If she told him to leave, he would stay nearby—forever, if that's what it took.

He had faith.

He was willing to spend the rest of his life making amends.

The breeze in the small garden town brushed past him, carrying the scent of blooming flowers and fresh soil. The sky was impossibly blue. It felt cruel—how beautiful the world still was when his heart was breaking apart piece by piece.

He was more nervous than he had been on the day he first confessed his love to Maya.

Would she forgive me?

Surely she would.

They had loved each other for so many years—through poverty, through struggle, through nights when the future looked like nothing but darkness. Love like that didn't just vanish.

But Evan had forgotten something.

Distance isn't the only thing that separates people.

Death does, too.

As he drew closer, that familiar profile turned.

Hope surged—bright, blinding—

And then shattered.

The face that looked back at him was completely unfamiliar.

Not Maya.

Not even close.

For a moment, Evan didn't understand what he was seeing. His mind refused to accept it. His eyes searched desperately for something—anything—that resembled her.

There was nothing.

'Who was she?'

'Where was Maya?'

A roaring sound filled his ears, as if the world had suddenly submerged underwater. People were speaking, mouths moving, hands gesturing—but he couldn't hear a single word.

The woman spoke in clear German, confusion in her voice. "Is he the man you were talking about? The one looking for his love?"

Someone beside her answered softly, almost cruelly gentle. "Yes… he probably won't find her in this lifetime."

Something inside Evan snapped.

The strength left his legs.

The sky tilted.

The ground rushed up to meet him.

Amidst gasps and startled cries, he collapsed onto the cold stone pavement, his hands clutching empty air as if still trying to hold onto her.

After that day, Evan returned home.

He didn't search anymore.He didn't ask anymore.

It was as if he had finally accepted reality.

He threw himself back into work with frightening intensity—sleeping little, speaking less, moving through life like a machine wound too tightly to break.
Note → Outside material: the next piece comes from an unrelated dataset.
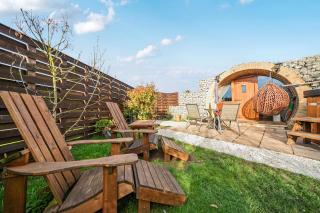 Cosy escape heated luxury pod with hot tub - 3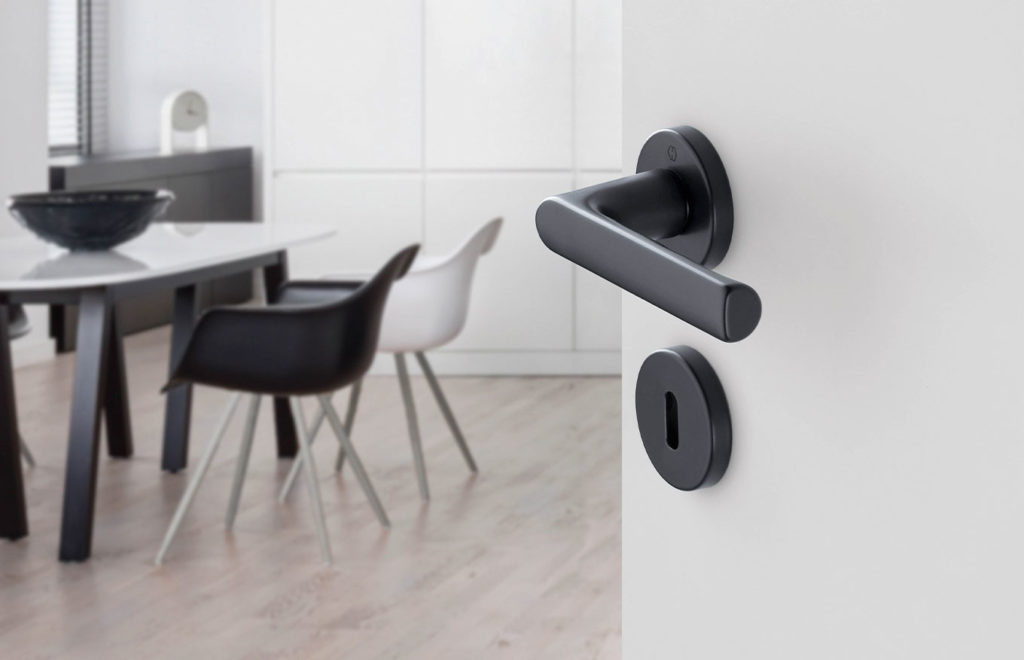 HOPPE Quick-FitPlus – Artık Standart Rozetler ve Kapaklar İçin de Uygun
Projects multiplied. New games were launched. Profits soared.

From the outside, it looked like recovery.

But those who knew him could see it.

There was no light left in his eyes.

He worked not because he wanted to live—but because staying busy was the only way to keep himself from remembering that somewhere in the world, there was a sea holding Maya's ashes, and a life he would never get to live with her again.